The court was considering whether the Appeals Commissioners were correct in holding that the transaction was not a tax-avoidance transaction under Section 86.3 of the Finance Act 1989 on the grounds that it did not result in a misuse of the ESR provisions.

The judge said his answer to that question was "No", meaning the Appeals Commissioners were incorrect. This transaction, the judge said, involved export sales relief reserves in a company in the Dairygold group being transferred to a construction company not engaged in an export business in order to allow tax relief dividends to be paid to shareholders of that second company.

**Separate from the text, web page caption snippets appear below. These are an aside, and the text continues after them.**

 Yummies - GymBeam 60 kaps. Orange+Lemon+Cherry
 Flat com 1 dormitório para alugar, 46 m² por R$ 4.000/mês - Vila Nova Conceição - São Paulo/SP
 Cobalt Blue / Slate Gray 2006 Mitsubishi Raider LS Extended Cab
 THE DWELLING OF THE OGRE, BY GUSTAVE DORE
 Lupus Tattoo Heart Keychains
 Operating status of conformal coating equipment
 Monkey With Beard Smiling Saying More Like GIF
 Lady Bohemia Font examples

This scheme was "completely at odds" with the purpose for which the export sales relief was provided and the Revenue was required to have regard to the substance of the transaction, the judge found.

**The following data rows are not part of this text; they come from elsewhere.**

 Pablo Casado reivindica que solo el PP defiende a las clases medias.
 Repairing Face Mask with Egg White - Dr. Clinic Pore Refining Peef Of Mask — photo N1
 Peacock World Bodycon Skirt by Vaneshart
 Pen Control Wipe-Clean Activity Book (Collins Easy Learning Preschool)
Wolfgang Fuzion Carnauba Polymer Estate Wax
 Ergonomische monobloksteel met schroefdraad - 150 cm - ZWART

The case arose after O'Flynn Construction and Michael and John O'Flynn, with addresses at Kilcrea, Ovens, Co Cork, appealed to the Revenue Appeals Commissioners against an opinion of a Revenue officer in relation to the scheme.

The Revenue claimed that the company and the O'Flynns had entered into a scheme or arrangement for the purpose of extracting funds from the company in a manner which avoided a liability to advance corporation tax by the company. The Revenue also claimed the purpose of the scheme was to avoid payment of income tax by the O'Flynns on the receipt of dividends funded by their company.

On January 27th, 1992, it was claimed the O'Flynns each received income of £298,000 in the form of tax-free ESR dividends funded by the write-off at the same time of a loan from their company, resulting in a depletion of the assets of the company.

It was claimed the dividends were received by the brothers as a result of an arrangement not undertaken to legitimately avail of tax reliefs, but involving an abuse and misuse of law.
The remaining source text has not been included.